> [Exercise prompt] For this exercise, return the line containing "this 350×262 image." and every line after it through the end of the records below, without alteration.

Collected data

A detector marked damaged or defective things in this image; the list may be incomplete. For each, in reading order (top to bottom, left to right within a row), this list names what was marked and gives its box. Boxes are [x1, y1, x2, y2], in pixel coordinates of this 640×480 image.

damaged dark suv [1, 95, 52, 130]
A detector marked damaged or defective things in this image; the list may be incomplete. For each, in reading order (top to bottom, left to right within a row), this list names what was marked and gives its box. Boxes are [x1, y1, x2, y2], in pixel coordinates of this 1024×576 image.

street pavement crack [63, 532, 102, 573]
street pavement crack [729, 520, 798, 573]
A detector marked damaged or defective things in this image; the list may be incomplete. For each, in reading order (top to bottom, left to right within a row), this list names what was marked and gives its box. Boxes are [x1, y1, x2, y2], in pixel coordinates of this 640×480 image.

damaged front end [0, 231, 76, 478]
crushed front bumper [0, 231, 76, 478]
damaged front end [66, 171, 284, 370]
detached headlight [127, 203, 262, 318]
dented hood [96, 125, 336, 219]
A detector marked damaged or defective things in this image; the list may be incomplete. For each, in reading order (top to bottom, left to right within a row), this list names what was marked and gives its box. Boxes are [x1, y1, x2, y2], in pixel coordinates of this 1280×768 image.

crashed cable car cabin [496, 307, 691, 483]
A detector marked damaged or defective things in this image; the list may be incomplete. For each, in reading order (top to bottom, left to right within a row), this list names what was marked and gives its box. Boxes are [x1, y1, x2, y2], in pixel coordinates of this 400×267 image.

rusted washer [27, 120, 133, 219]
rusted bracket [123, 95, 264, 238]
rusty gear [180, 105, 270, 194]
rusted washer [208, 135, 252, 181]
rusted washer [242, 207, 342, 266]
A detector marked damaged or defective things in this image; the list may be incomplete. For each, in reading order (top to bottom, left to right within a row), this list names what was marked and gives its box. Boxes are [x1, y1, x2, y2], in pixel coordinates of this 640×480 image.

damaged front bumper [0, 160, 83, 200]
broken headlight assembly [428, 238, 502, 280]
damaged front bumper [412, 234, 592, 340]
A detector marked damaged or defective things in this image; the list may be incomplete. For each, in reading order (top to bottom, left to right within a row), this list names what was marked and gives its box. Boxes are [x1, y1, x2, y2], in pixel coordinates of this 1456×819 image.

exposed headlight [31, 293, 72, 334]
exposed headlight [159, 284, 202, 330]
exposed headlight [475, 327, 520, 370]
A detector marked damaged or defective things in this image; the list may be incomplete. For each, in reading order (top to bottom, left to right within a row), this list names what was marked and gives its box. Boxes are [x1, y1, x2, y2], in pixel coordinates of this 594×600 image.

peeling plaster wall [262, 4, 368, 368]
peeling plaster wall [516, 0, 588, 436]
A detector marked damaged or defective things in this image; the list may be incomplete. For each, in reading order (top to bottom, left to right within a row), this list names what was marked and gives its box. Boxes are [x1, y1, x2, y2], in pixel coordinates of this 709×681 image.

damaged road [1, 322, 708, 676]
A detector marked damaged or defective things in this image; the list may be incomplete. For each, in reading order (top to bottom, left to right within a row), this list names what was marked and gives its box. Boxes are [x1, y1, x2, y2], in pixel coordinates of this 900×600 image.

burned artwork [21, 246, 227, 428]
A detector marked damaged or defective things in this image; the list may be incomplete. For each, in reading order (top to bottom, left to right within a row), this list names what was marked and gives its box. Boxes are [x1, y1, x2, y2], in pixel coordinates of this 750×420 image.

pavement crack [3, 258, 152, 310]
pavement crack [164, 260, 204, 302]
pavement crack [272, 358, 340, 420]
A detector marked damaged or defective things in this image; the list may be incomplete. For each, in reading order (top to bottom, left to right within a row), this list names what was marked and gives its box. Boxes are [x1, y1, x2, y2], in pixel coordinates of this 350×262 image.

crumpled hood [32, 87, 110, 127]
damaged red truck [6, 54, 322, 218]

> [Written answer]
A detector marked damaged or defective things in this image; the list may be incomplete. For each, in reading order (top to bottom, left to right within a row), this list names what was marked and gives its box. Boxes are [x1, y1, x2, y2], in pixel coordinates of this 350×262 image.

crumpled hood [32, 87, 110, 127]
damaged red truck [6, 54, 322, 218]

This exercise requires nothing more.